* RAW DATA
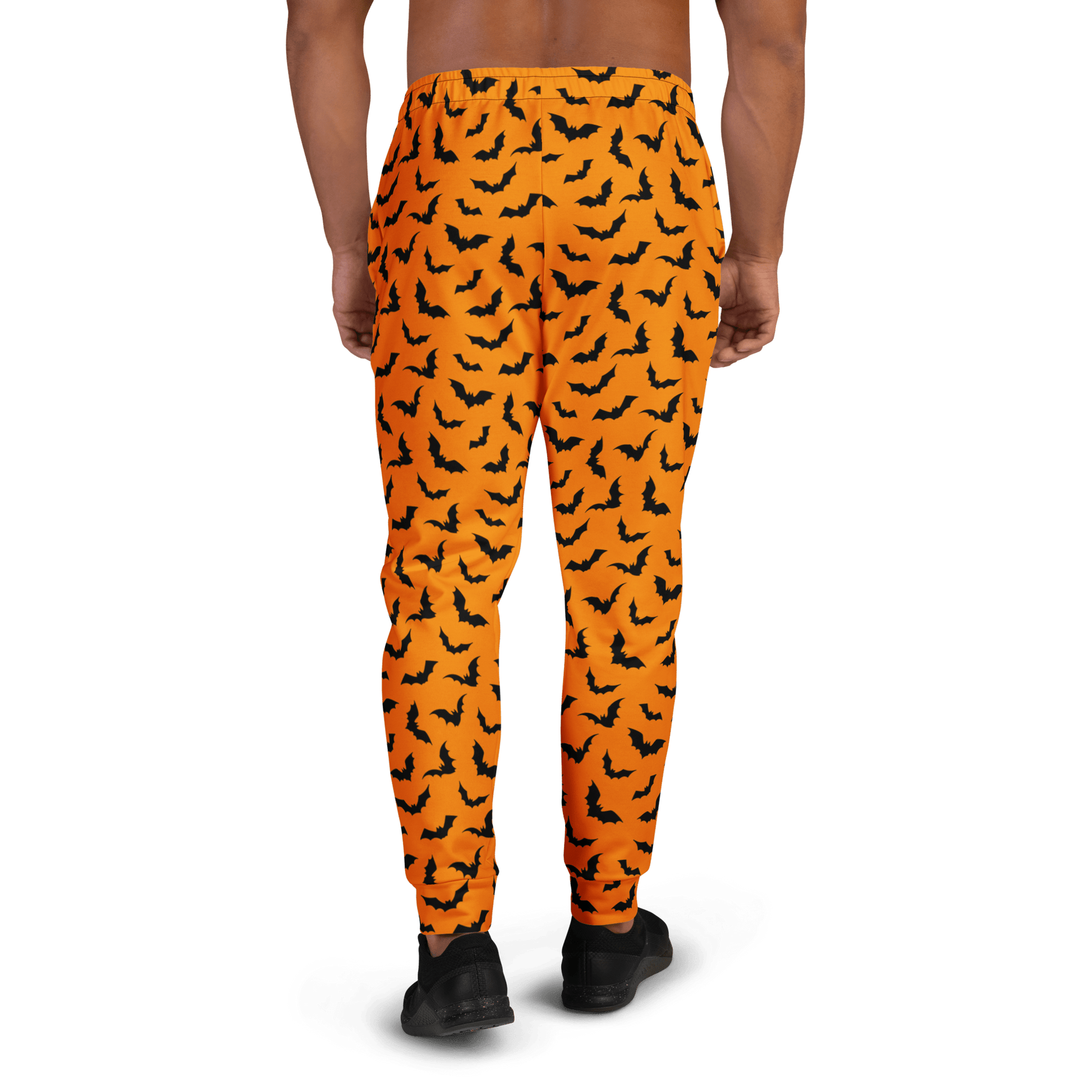 Orange Eclipse Unisex Joggers Goth Cloth Co.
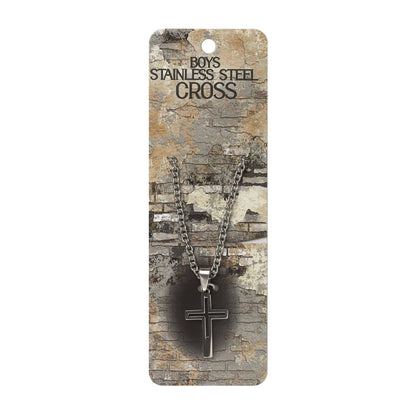 Ryder 18" Cutout Cross Necklace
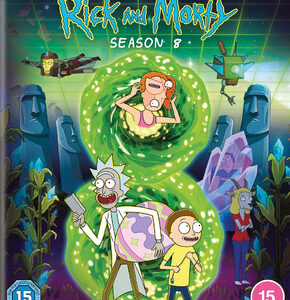 Rick And Morty - Season 8 (Blu-Ray)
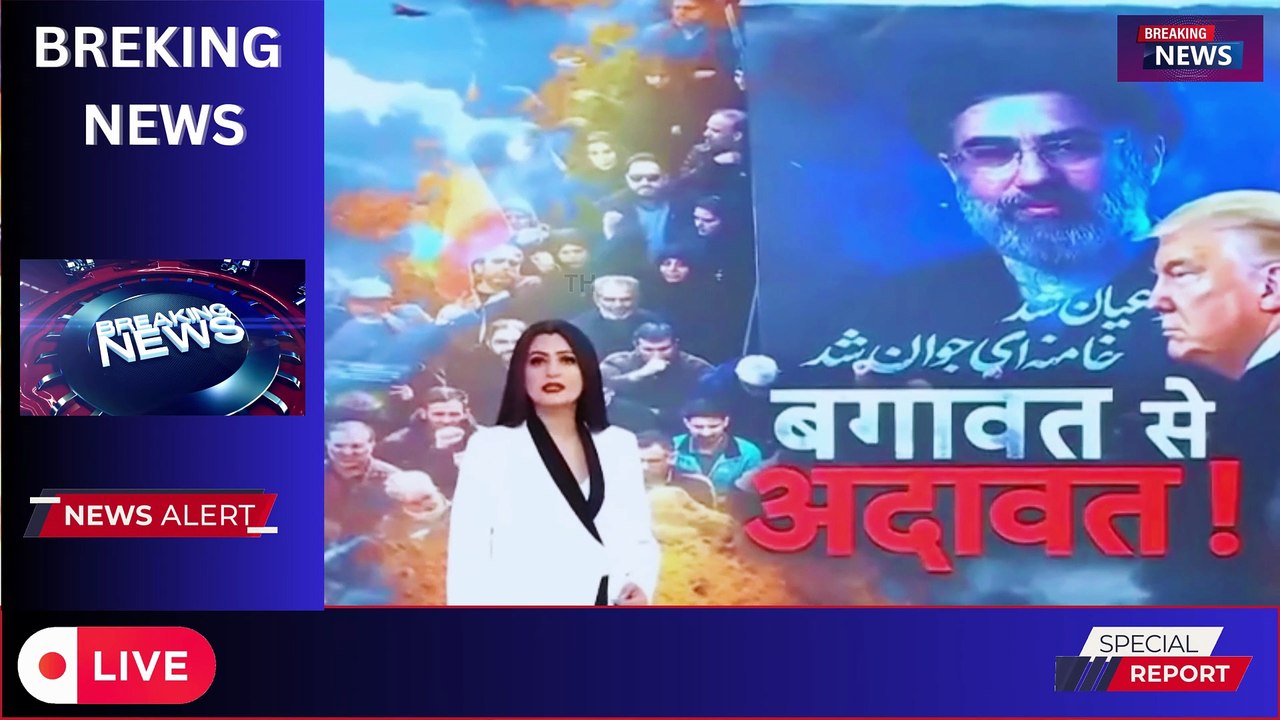 🚨 US-Iran War LIVE: Donald Trump Signals BIG De-escalation Just 12 Hours Before Deadline ⚔️⏳ | World On Edge 🌍🔥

* ASSIGNMENT
Lines from the one that contains "Cutout Cross Necklace" through the last line of the data above are to be extracted exactly, with no pictures and no other lines.

* EXPECTED ANSWER
 Ryder 18" Cutout Cross Necklace
 Rick And Morty - Season 8 (Blu-Ray)
 🚨 US-Iran War LIVE: Donald Trump Signals BIG De-escalation Just 12 Hours Before Deadline ⚔️⏳ | World On Edge 🌍🔥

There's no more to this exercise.